Grotta Cappuccini (Galatone): Reperti della fine dell'Eneolitico o dell'inizio dell'età del Bronzo (boccali carenati con ansa a gomito, bicchieri tronco-conici e cilindrici, orcioli, piccole ciotole a calotta o carenate, scodelle con orlo parzialmente sopraelevato in lobi, olle biconiche e ovoidali); industria litica (cuspidi di freccia, semilune, affilatoi), oggetti ornamentali (pendenti, conchiglie forate), manufatti in osso ed elementi di corredo funerario (asta in arenaria, oggetti in metallo) della stessa epoca.
Cavallino: Insediamento dell'età del Bronzo con pavimenti a tecnica potsherd, frammenti in ceramica (tazza-ciotola a carena bassa con collo concavo, ciotola-boccale, anse a gomito, boccaletti) del Bronzo antico e medio; reperti del Bronzo finale (anse a bastoncello, frammenti di ciotole e di ceramica figulina decorata in rosso o con motivi protogeometrici iapigi).

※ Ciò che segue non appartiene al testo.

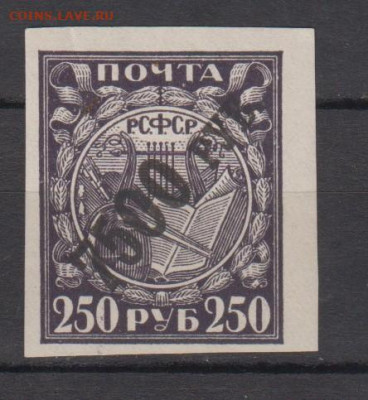 РСФСР 1922 1м * надпечатка 7500р простая бумага до 19 04 - 10в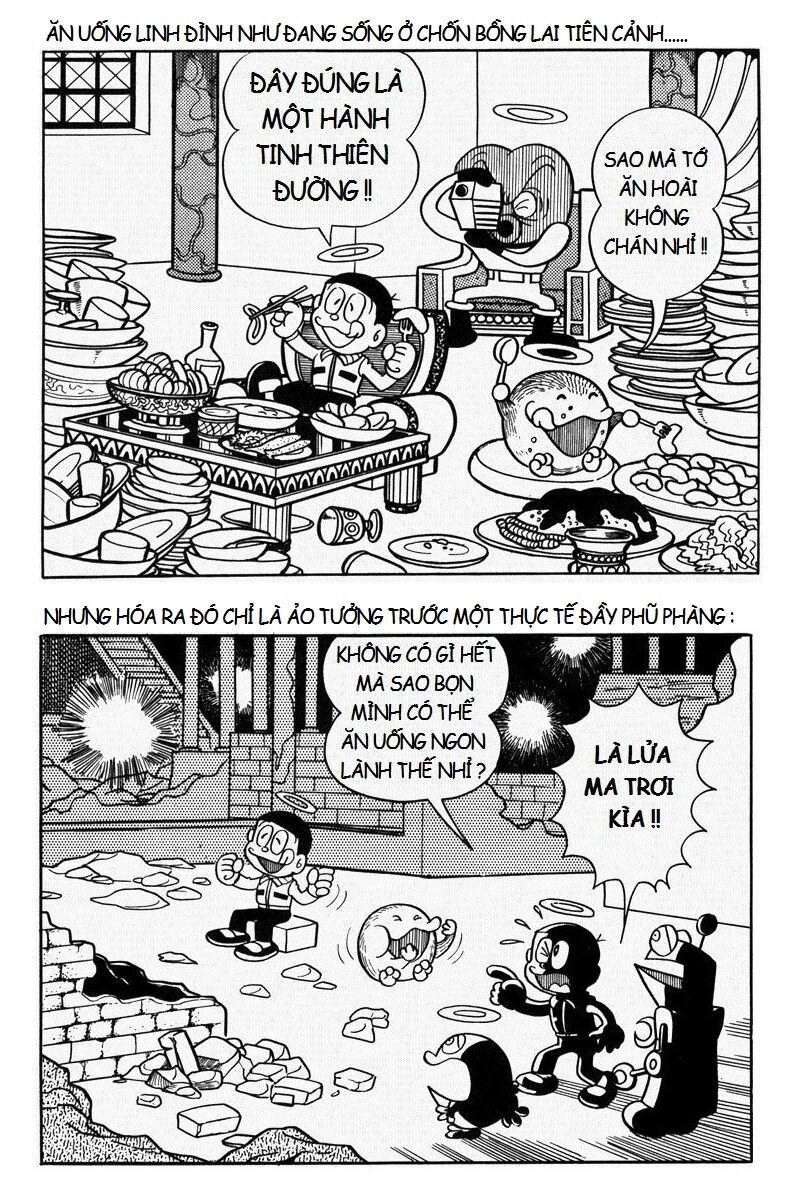 [Remake] Mojako Chapter 11.4 - 3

Cardigliano (Specchia): Circa 5 km a nord-ovest di Specchia. Cremonesi rinvenne materiale del Neolitico finale e della tarda età del Bronzo, epoca in cui si creò probabilmente un piccolo insediamento.
Contrada Le Pazze (Ugento): Resti di insediamento (mura, tracce di focolari, pavimenti a tecnica potsherd) del Bronzo antico-medio; manufatti vascolari (olle, ciotole carenate troncoconiche o a calotta, bollitoi).
Santa Maria di Leuca: A Punta Ristola, nei pressi del santuario, e a Punta Meliso, resti di insediamenti (mura fortificate, silos, cisterne, pavimenti a tecnica potsherd) del Bronzo medio e finale, e vari reperti (ciotole a carena, scodelle troncoconiche, anse tubolari, frammenti figulini, contenitori dipinti con motivi protogeometrici iapigi) della stessa epoca.
Otranto: Insediamento del Bronzo medio e del Bronzo finale con strutture abitative scavate nella roccia, resti di ceramica e oggetti in bronzo.